Cependant, malgré la promesse de confidentialité émise par la Direction générale des impôts, la peur d’une divulgation des données personnelles demeure omniprésente. Le fisc a insisté sur le fait que les informations collectées ne seraient pas transmises aux autres autorités, garantissant ainsi l’anonymat des participants. Pourtant, une partie significative de ces derniers reste sceptique. De nombreux entrepreneurs, notamment ceux ayant recours à des paiements non déclarés ou ayant des irrégularités comptables, redoutent d’être rattrapés par le fisc dans un avenir proche.
Cette crainte d’une « chasse aux sorcières » se fonde sur l’historique des audits fiscaux au Maroc, souvent perçus comme une procédure lourde et intrusive. Pour certains, la peur est d’autant plus grande qu’ils ont pris part à des flux d’argent suspects entre comptes personnels et professionnels, voire à des transactions occultes. Le dispositif de régularisation semble pourtant offrir une porte de sortie, car il promet, une fois la contribution de 5% payée, la garantie d’une tranquillité fiscale pour les années à venir.
Une échéance redoutée
L’échéance du programme approche à grands pas, et l’intérêt des contribuables semble être en forte hausse à l’approche de la date limite. En effet, ceux qui hésitaient encore à s’engager dans ce processus de régularisation se sont finalement décidés, poussés par la peur de futures sanctions fiscales. Les risques encourus pour ceux qui ne se conformeraient pas à cette dernière chance sont multiples et peuvent s’avérer catastrophiques : amendes colossales, redressements fiscaux, voire poursuites judiciaires pour fraude fiscale. Les autorités fiscales n’ont cessé d’alerter sur les conséquences graves pour les personnes n’ayant pas régularisé leur situation à la fin du programme, ce qui a sans doute joué un rôle important dans la prise de décision de nombreux participants.
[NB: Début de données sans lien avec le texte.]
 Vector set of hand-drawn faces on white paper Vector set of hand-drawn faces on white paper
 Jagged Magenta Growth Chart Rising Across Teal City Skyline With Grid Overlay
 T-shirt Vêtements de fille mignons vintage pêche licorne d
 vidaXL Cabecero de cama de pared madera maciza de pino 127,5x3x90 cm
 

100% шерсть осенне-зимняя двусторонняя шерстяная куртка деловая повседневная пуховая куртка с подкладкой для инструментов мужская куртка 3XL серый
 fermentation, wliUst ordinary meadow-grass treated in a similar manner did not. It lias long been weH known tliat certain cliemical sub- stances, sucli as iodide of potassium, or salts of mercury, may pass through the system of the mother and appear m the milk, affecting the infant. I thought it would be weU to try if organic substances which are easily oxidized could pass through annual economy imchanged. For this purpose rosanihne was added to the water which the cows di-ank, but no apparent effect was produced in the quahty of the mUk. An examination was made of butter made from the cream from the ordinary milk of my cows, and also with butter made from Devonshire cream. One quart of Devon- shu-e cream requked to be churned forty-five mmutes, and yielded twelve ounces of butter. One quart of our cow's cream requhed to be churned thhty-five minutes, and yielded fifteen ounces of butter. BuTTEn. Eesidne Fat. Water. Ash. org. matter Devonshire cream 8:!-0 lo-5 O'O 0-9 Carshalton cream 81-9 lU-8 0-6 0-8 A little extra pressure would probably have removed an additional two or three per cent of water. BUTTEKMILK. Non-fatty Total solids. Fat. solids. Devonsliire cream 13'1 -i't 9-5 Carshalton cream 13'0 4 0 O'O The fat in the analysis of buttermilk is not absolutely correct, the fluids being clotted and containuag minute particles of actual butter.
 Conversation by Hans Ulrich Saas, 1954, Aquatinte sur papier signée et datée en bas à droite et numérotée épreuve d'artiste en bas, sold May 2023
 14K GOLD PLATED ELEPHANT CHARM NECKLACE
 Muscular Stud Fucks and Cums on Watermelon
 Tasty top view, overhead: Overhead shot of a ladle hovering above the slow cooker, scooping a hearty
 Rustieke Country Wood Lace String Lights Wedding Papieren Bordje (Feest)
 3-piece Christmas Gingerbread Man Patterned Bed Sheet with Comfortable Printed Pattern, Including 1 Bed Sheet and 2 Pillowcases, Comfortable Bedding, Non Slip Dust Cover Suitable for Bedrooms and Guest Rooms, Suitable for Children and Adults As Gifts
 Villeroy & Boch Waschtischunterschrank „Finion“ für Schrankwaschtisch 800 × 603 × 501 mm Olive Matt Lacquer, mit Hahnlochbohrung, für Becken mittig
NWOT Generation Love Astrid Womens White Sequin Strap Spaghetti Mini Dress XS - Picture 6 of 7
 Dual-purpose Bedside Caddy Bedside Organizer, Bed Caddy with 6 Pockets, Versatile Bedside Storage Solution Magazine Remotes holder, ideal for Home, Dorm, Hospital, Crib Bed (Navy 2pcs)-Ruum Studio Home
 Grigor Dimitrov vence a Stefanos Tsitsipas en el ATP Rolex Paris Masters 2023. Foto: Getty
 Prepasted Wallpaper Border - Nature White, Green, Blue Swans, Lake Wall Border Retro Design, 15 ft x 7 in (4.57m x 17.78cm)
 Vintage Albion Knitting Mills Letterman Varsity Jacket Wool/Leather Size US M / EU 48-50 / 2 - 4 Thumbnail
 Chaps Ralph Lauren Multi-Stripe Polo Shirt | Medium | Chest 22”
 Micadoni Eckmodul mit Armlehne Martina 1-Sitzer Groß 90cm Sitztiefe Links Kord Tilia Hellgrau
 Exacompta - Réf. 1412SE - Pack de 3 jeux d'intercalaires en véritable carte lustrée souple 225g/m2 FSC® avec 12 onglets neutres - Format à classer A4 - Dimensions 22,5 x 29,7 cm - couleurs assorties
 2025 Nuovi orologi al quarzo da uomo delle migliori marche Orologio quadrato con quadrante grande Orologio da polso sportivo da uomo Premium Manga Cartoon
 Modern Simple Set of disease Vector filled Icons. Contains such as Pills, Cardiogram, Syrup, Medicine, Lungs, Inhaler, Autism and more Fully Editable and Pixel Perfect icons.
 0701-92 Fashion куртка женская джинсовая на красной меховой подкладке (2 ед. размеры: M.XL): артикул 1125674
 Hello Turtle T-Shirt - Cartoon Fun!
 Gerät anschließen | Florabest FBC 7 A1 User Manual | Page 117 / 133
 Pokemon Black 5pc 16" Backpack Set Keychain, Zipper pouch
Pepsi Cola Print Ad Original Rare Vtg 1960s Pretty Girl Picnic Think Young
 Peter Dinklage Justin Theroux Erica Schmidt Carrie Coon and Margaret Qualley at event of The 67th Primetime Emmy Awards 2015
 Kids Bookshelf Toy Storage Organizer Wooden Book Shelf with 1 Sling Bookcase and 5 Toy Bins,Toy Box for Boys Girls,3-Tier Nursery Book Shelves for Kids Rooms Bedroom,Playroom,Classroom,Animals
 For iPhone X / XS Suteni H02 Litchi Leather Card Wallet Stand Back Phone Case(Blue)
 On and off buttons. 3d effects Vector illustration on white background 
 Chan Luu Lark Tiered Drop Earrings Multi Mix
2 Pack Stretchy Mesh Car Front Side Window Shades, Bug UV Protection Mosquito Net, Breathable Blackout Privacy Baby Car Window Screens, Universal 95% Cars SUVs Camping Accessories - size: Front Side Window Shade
Le processus de régularisation offre une occasion unique, certes, mais elle est également un défi pour ceux qui ont longtemps ignoré ou contourné les règles fiscales en vigueur. L’objectif des autorités n’est pas uniquement de collecter des fonds, mais également de mettre fin à l’opacité de certains secteurs économiques et de renforcer l’assiette fiscale du pays. Cependant, la mise en œuvre de cette démarche semble soulever plus de questions qu’elle n’apporte de réponses. La crainte d’être pris dans un filet fiscal de plus en plus serré, couplée à l’angoisse d’être la cible de futures enquêtes approfondies, fait que la régularisation reste un sujet sensible et controversé.